Cultura Pop
Estão jogando vídeos do “Snub TV” no YouTube

Programas cultuados de TV dos anos 1970, 1980 e 1990 estão ressurgindo aos poucos no YouTube. Falamos outro dia aqui do Media Blitz, que teve alguns vídeos jogados no site. E o The Guardian foi atrás das histórias do Snub TV, programa que teve duas etapas. A primeira, que foi pro ar há trinta anos, era totalmente na base do “faça você mesmo”, e foi até 1989. Depois disso, o programa acabou chamando a atenção de Janet Street-Porter, chefe do setor de programas jovens da BBC. Uma nova fase começou: o Snub TV passou a ir ao ar pela BBC 2 (ficou nessa até 1991) e foi o primeiro lugar em que muita gente conheceu bandas como The Fall, Ultra Vivid Scene, Cramps, Dinosaur Jr e outras.

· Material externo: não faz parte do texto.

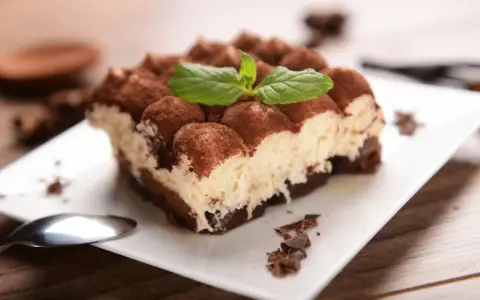 Pyszne tiramisu, posypane kakao i udekorowane miętą. Idealne na deser, choć warto pamiętać o jego tiramisu kcal.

Olha aí as recordações do melhor de 1989 do programa. Tem Dinosaur Jr tocando Freak scene (foi filmado no jardim de John Robb, cantor da banda Membranes e jornalista, diz o texto do The Guardian)., um papo amalucado com o New Order em que o vocalista Bernard Sumner chama Bono Vox, do U2, de “o cara do bongô”, e mais apresentações de The Fall, Happy Mondays, Stone Roses, Ultra Vivid Scene, 808 State com MC Tunes e do Fatima Mansions (banda irlandesa fundada pelo cantor e tecladista Cathal Coughlan, que foi do Microdisney).
O programa foi criado pela dupla Pete “Pinko” Fowler e Brenda Kelly, ele jornalista de música, ela cinegrafista que trabalhava para o selo Rough Trade. O programa era barato no começo (chegou a custar uma média de 700 libras por episódio) e sempre foi feito com sérias restrições. A equipe tinha duas pessoas. “Entregávamos a fita um dia antes da transmissão, mas já rolou de entregarmos horas antes”, diz Fowler ao Guardian. Muitas vezes, os produtores seque sabiam quem iria aparecer no programa na data. Uma inovação é que o Snub TV não tinha nem um apresentador. “Os programas têm essa tendência de acabarem sendo sobre quem está apresentando. E aí você ganha essa cultura de celebridades, como acontece com o Jools Holland”, continou Fowler. “Eu odiava aquela coisa de apresentador-celebridade. E isso diminui a música”.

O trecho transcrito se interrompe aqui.